In the aftermath of the snap, the world cheered as Iron Man defeated Thanos. A selfless act. A heroic ending. But imagine a multiverse where Tony Stark, unable to let go, becomes obsessed with fixing every flaw in the world, until he becomes the very threat he once fought.
Or think of Doctor Strange in the Multiverse of Madness. In one timeline, Strange defeats Thanos, but the victory changes him. He isolates himself, tries to control everything, and eventually corrupts the very reality he swore to protect.
Believe it or not, a similar thing happens in tech teams, not in alternate universes, but in our everyday workplaces. It’s called The Senior Developer Trap.

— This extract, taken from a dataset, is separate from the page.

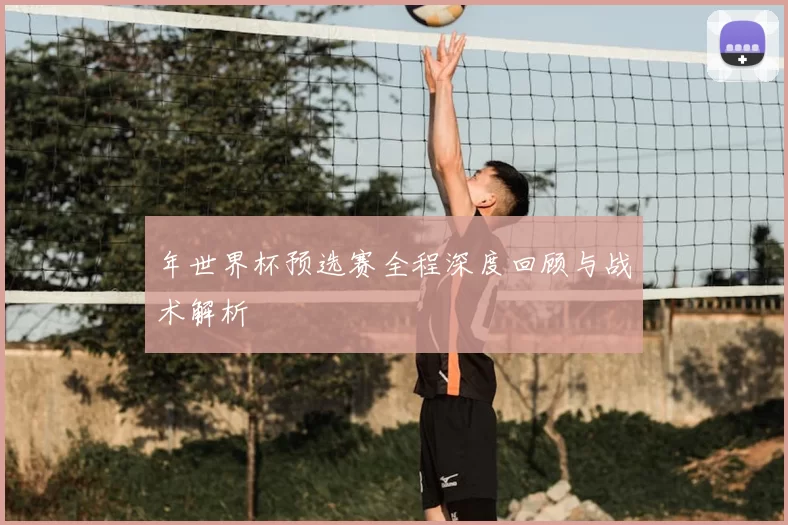 年世界杯预选赛全程深度回顾与战术解析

The Hero’s Journey… and the Fall
Senior developers are the Iron Men and Doctor Strange of their teams. They’ve fought through legacy systems, rescued projects from doom, and survived impossible deadlines. When no one else can figure it out, it’s the senior dev who steps in and saves the sprint.
But just like our Marvel heroes, something shifts after too many solo wins. Without realizing it, the same developer who once saved the team becomes the bottleneck, or worse, the blocker.
How the Trap Unfolds in the Tech Multiverse
1. The Over-Reliance Universe
Picture a team where every bug, every deployment decision, every code review gets funneled to one person, the senior dev.
At first, it’s comforting. They’re fast. They’re brilliant. But slowly, the team becomes passive. Mid-levels stop taking initiative. Juniors stop experimenting. Everyone’s waiting for the “hero” to act.
It’s like in Multiverse of Madness, where Strange uses his magic to fix everything, until no one else dares touch the spell book. Power isolates, even if unintentional.
2. The Bottleneck Timeline
With experience comes responsibility, and with responsibility comes… delays.
When a senior dev is pulled into every discussion, nothing moves unless they’re available. They become the team’s decision-maker, reviewer, architect, and debugger. Everything is on pause until they weigh in.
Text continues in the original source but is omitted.